Degree returned over Donald Trump's RGU award
The former principal of an Aberdeen university has handed back an honorary degree in protest at a similar award being given to Donald Trump.
Dr David Kennedy, principal of Robert Gordon University (RGU) between 1987-97, said he was "appalled" at plans to honour the US tycoon next month.
Mr Trump's plans to build the "world's greatest golf course" in Aberdeenshire have proven divisive in the north east.
Dr Kennedy returned the honorary doctorate which he received in 1999.
He described the decision to give Mr Trump an honorary doctorate as "an insult to decent people everywhere".
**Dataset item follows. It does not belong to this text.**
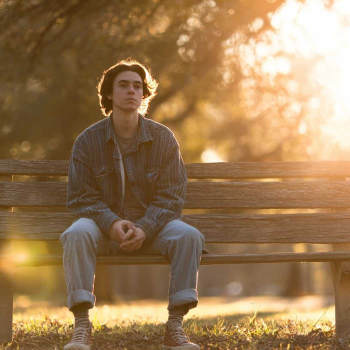 A young man sits on a wooden bench at sunset, reflecting quietly, symbolizing support found in online OCD counseling.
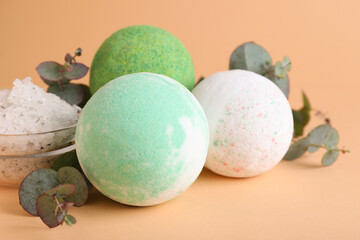 Colorful bath bombs, salt and eucalyptus branches on beige background, closeup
Dr Kennedy said: "Mr Trump is simply not a suitable person to be given an honorary degree and he should not be held up as an example of how to conduct business.
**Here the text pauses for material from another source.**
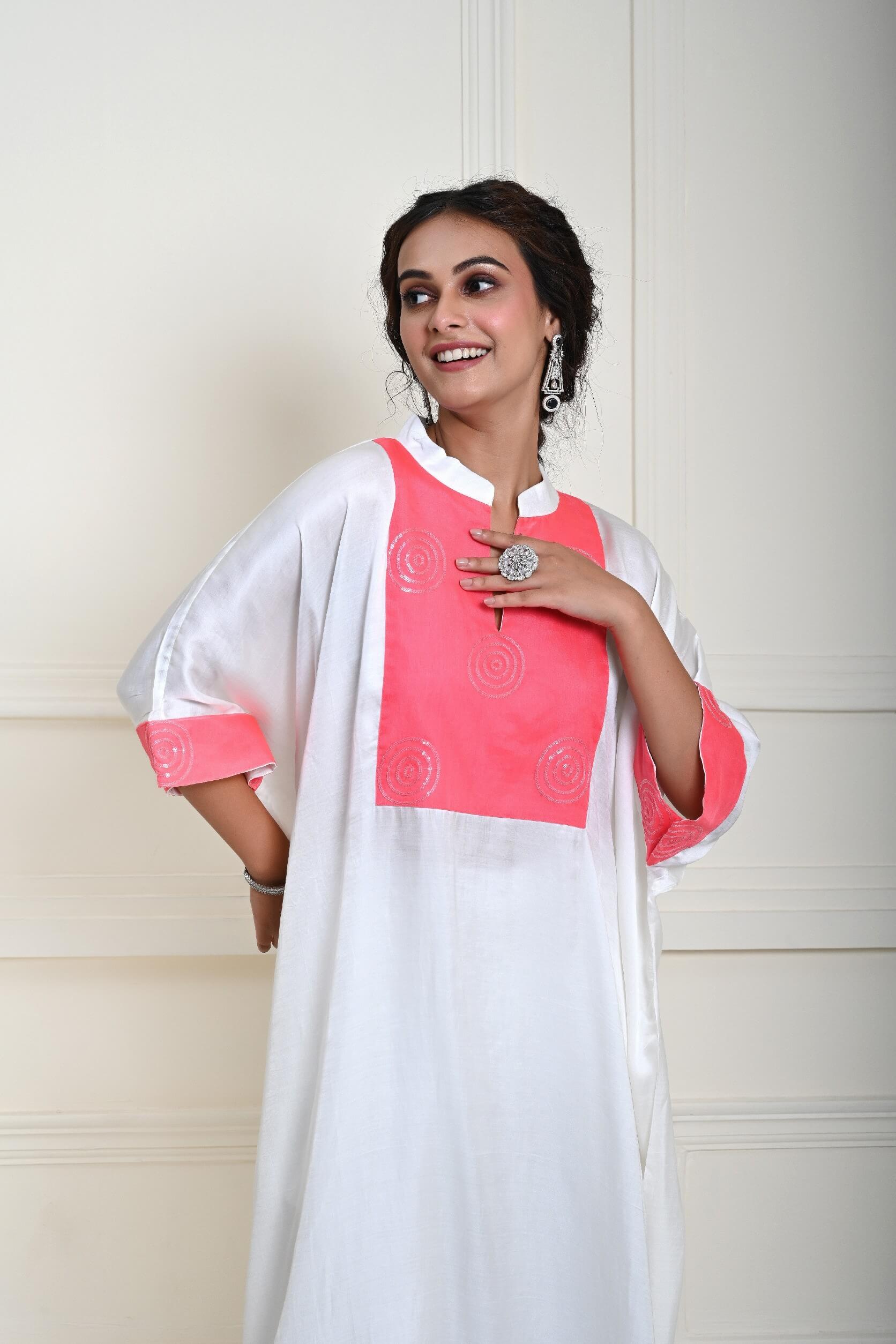 Trendy white georgette kaftan kurti set with embroidery work, ideal for weddings and celebrations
"Mr Trump's behaviour in north-east Scotland has been deplorable from the first, particularly in how he has treated his neighbours."
The academic, who is also a member of the Tripping up Trump protest group, added: "The university needs to realise how strongly people feel about this issue.
"I can think of no better way to express my anger at the decision to honour Mr Trump than to return my own honorary doctorate to the university.
"I would not want to hold the award after Mr Trump has received his."
Robert Gordon University is due to present Mr Trump with the honorary award of Doctor of Business Administration on 8 October.
The university said the honour recognised his "business acumen" and his company's commitment to the north east of Scotland.
The Trump Organisation had said it was a "tremendous honour" for Mr Trump.
A spokesperson for Mr Trump said they would not be making a statement on Dr Kennedy's decision, saying it was a matter for RGU.
A spokesman for RGU said: "We're disappointed that Dr Kennedy feels compelled to return his degree, particularly given his past connections and major contribution to the development of the university."
Work on Mr Trump's controversial golf course got under way earlier this year.
The billionaire believes the total cost of the project is likely to be about £750m.
However, some residents object to the plans and are refusing to sell their land to the billionaire.
Many opponents of the development have bought a stake in a one-acre stretch of land at the heart of the resort site in a bid to disrupt it.
As well as a championship golf course, the luxury development on the Menie Estate includes a 450-bedroom hotel, 950 holiday apartments and 500 residential homes.